Hendry, who is playing the third stage of four at Japan Q School this week, is the current leader on the PGA Tour of Australasia Order of Merit with $164,233.42 ($207,000 NZD) from five events. He leads compatriot Mark Brown by $107,000 (AUD) as he heads into the business end of the season.
If Hendry can finish off the Order of Merit it could be career changing.
He would be exempt for five years on the PGA Tour of Australasia and the OneAsia Tour as well as entry into the final stage of qualifying at major tours around the world.
He would also receive tournament exemptions to the British Open at Muirfield in 2013 and entry to some of the World Golf Championship events.

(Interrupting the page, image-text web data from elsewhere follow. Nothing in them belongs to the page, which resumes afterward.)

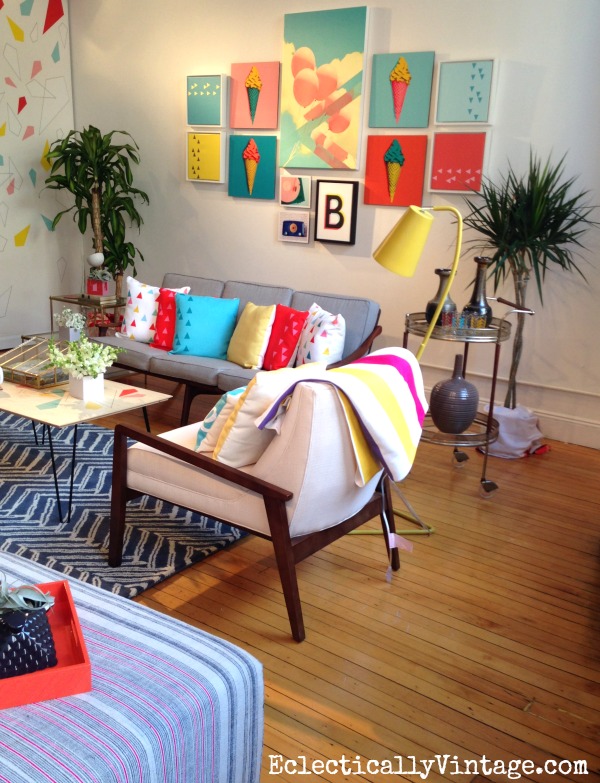 Mid century colorful living room - great ideas to customize your space kellyelko.com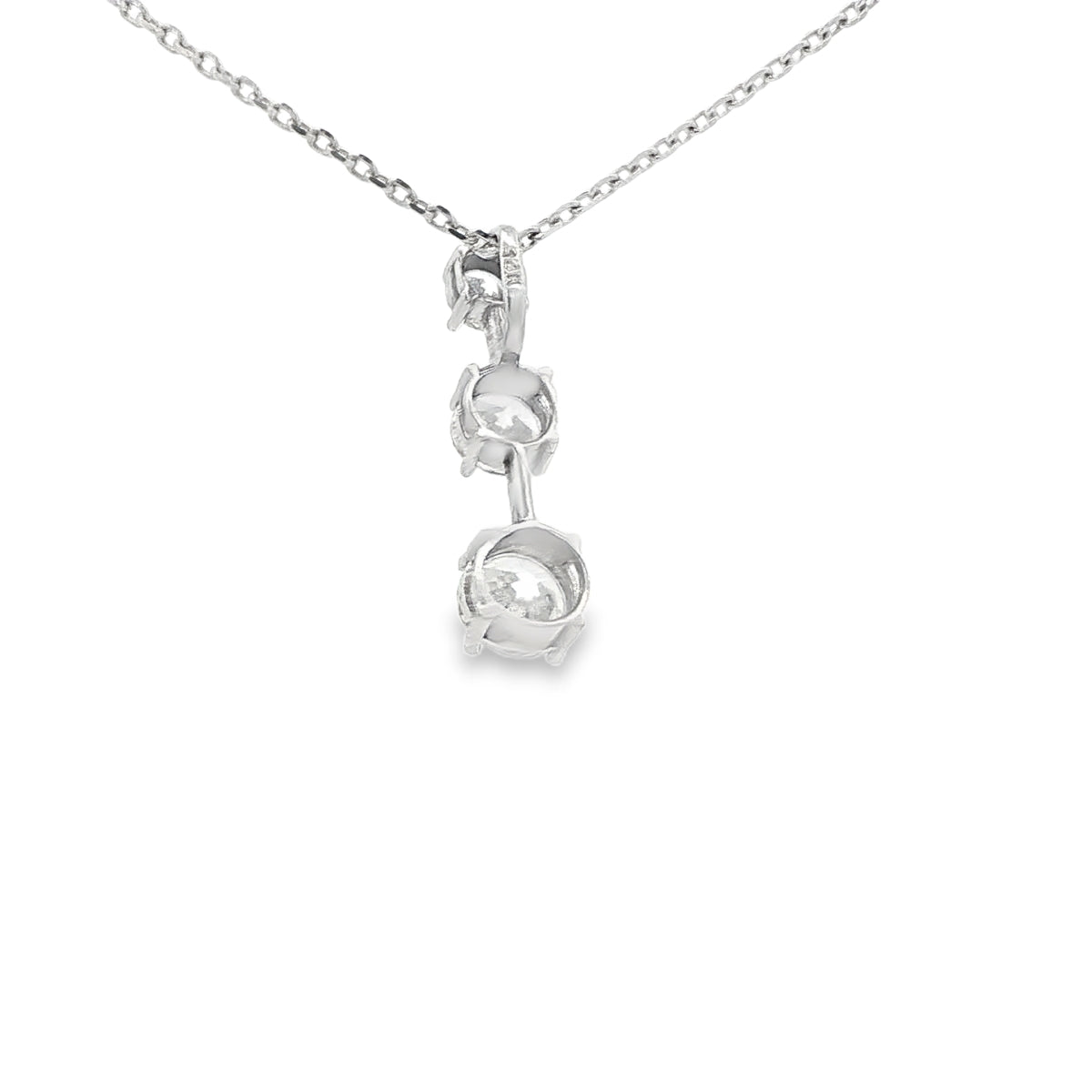 14 KARAT CHARM  CZ THREE STONE WHITE DROP SLIDE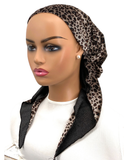 Ahead FW23P34 Chocolate Leopard Luster Lined Pre-Tied Bandanna myselflingerie.com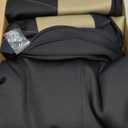 HChengkikz Car Seat Covers Full Set, Waterproof Neoprene Car Seat Covers, Airbag Compatible, Universal Automotive Seat Covers for Most Sedans, SUVs, Trucks (Black + Beige)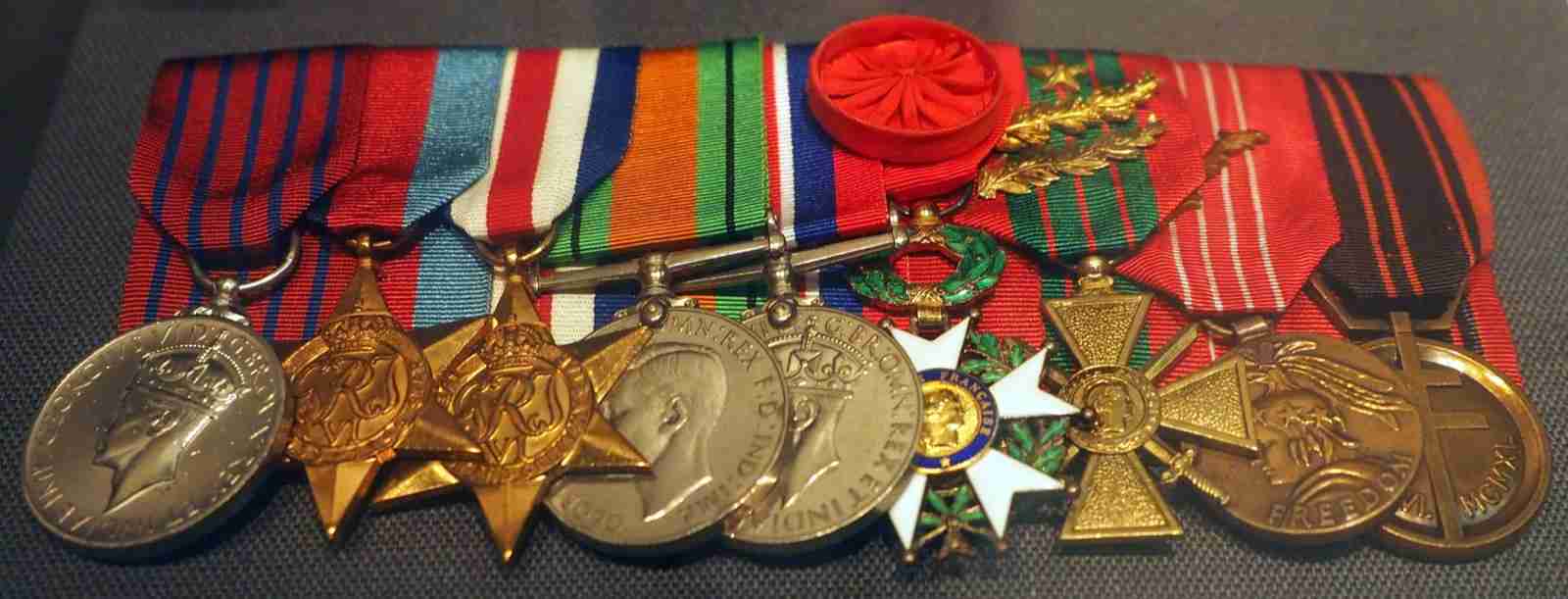 Display case at the Australian War Memorial showing Nancy Wake's medals.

Hendry took his game to the next level in Perth when he finished fourth in a world-class field with the likes of Jason Dufner, Paul Casey and Charl Schwartzel in company.
As he did before his biggest win - the Indonesian Open of 2010 on the OneAsia Tour - Hendry felt like a big performance was coming.
"I felt I was due that sort of performance. I said to a good mate at the Wanganui Pro-Am that I feel like I am pretty close to playing really well and it wasn't so much hope but I knew that it was coming.
"That result in Perth gave me a huge amount of confidence to know that I can compete with some world-class golfers and that I was good enough. It was great exposure for me too as a lot of people have congratulated me on that performance since coming home."
Playing more golf has seen Hendry come back to his best in 2012 and he is looking forward to making the most of a hectic run in the next six weeks.
For a late starter Hendry has already forged a career of note but he is not done with yet.
Hopefully there is more to come and winning the NZ Open is top of that list.
"It has had a volatile existence in the past few years so we are all very grateful that we still have it. It would be nice to play well and it is about time that a Kiwi finishes the week with the title. If it is not me winning it then I hope another Kiwi can get the job done."